Kayseri'de Fetullahçı Terör Örgütü'nün (FETÖ) 15 Temmuz'daki darbe girişimine ilişkin soruşturma kapsamında aralarında Boydak kardeşlerin ve ünlü iş adamlarının da yer aldığı 68 sanığın yargılandığı davada yargılamaya devam edildi. 3 gün süren davada ara karar açıklandı. Mahkeme, tutuklu sanıklardan Bekir Boydak'ın tahliyesine, tutuksuz 6 sanığın tutuklanmasına karar vererek duruşmayı Şubat ayına erteledi.
29.10.2017 16:37 Kayseri'de Fetullahçı Terör Örgütü'nün (FETÖ) 15 Temmuz'daki darbe girişimine ilişkin soruşturma kapsamında aralarında Boydak kardeşlerin ve ünlü iş adamlarının da yer aldığı 68 sanığın yargılandığı davada yargılamaya devam edildi.
24.10.2017 GÜNKÜ DURUŞMADA YAŞANANLAR
Kayseri 2. Ağır Ceza Mahkemesindeki 5. duruşmada, aralarında Memduh Boydak, Halit Gazezoğlu, Metin Filiz, Hamdi Kınaş'ın da bulunduğu 13 tutuklu sanık ve bazı tutuksuz yargılanan sanıklar hazır bulundu.

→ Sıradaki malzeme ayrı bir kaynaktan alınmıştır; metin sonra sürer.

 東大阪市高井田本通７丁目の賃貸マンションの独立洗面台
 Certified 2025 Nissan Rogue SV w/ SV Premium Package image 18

Tutuklu sanıklar Hacı, Şükrü ve Bekir Boydak ile Metin Çiftçi ve Muzaffer Güner'in Ses ve Görüntü Bilişim Sistemi (SEGBİS) ile katıldığı duruşmada tanıklar dinlendi.
4 gün sürecek duruşmanın ilk gününde tanıklar dinlendi. Tanık Şeref Özdemir, 'Memduh Boydak ile Halit Gazezoğlu benim yanıma gelerek, yurt yaptırmamı istediler. Ben de 2012 yılında Melikşah Üniversitesi'ne zekat hesabından 50 bin liralık çek gönderdim. Bu çeki gönderirken herhangi bir baskı yapmadılar. O zamanlar herkes Allah rızası için bir şeyler yapıyordu. İlk ve son kez o zaman para vermiştim. Bir kere de Halit Gazezoğlu benim yanıma gelerek kurban dağıtacaklarını söyledi. Bunun için benden zekat istedi ama ben vermedim' dedi.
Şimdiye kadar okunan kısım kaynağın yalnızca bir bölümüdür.